Caps spoke with theScore esports about his experience in spring 2017, playing with the roster's veterans and his mindset in the semifinal.
As a whole, how would you describe your rookie split with Fnatic?
I was lucky being picked up by Fnatic, because they are not only the most popular team in EU, but also an experienced team with a really solid structure.
Do you feel that some of the community expectations for you this split were fair?
I am not completely sure what the expectations for me were coming into the split, but I want us to be the very best and therefore I have very high expectations for myself. Not necessarily how I perform, but also my growth.
What was the most important thing you learned?
I think setting up a schedule is probably the most important thing I learned, because it keeps my life healthy in a longer period, but I also took a lot from the G2 series about how to transition from game to game in a longer series.
What was the most difficult part?
I am a really competitive person, so losing always feels bad, other than that I would say overcoming the issues we had during the split. It is never fun to underperform and be forced to make changes.
Your roster had some veterans of the competitive scene in Rekkles and sOAZ. What was it like playing with these guys, and how did they impact your experience this split?
Personally I did not know what to expect coming into the split, but the fact that everyone else felt comfortable definitely made me less stressed about moving to a foreign country and [playing] in front of viewers.
Outside of the game, how did Fnatic support your rookie split? I saw the organization added a mental coach in January.
As I mentioned earlier I really liked it here, I never lacked anything or felt like something was not right, which meant that I could focus on improving and getting used to being a pro player. This was because of our mental coach but also our manager and coach-manager.
How did the team dynamic change once Broxah came up from FNC Academy? As the “new guys,” did you talk about how to handle your first LCS split? What was that relationship like?

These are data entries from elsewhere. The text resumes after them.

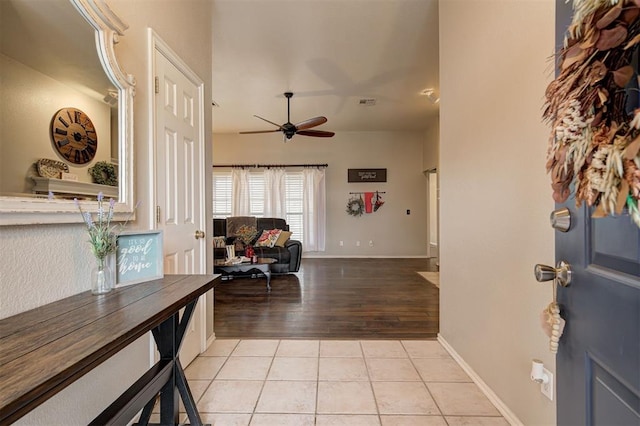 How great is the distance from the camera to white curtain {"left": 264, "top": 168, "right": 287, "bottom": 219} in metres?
7.01

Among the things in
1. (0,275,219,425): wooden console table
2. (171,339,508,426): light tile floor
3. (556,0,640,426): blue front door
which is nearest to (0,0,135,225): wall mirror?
(0,275,219,425): wooden console table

It was fun to play with someone that was newer than myself, because it made me feel experienced, but it was kinda unfortunate timing for him to join, because we were having some issues at the time, luckily towards the end of the split we managed to overcome the issues and for next split we should look even stronger.
Can you describe your mindset during the EU LCS semifinal series? You seemed pretty comfortable on Aurelion Sol.
In Week 10 against Misfits as well as our games against H2K, I had a feeling we would win and it really helped me calm down, but when I woke up on the day of our semifinal I did not have that feeling, and even after our very one-sided Game 1 I had a bad feeling about the series.
I personally was not able to bring what I should have brought, and therefore looking at the series gives me a bad feeling. Hopefully that will not be our last playoffs and coming into summer playoffs we have a debt to repay with G2.
Anything else to add?
As a final note I would like to tell everyone cheering for me that I am really sorry I have not been active on social media and I did not stream, but this split has been a roller coaster ride and I am still a bit dizzy. For the next split I will try to be a lot more active and maybe even stream. I also want to say thank you, reading all your comments give me a smile on my lips.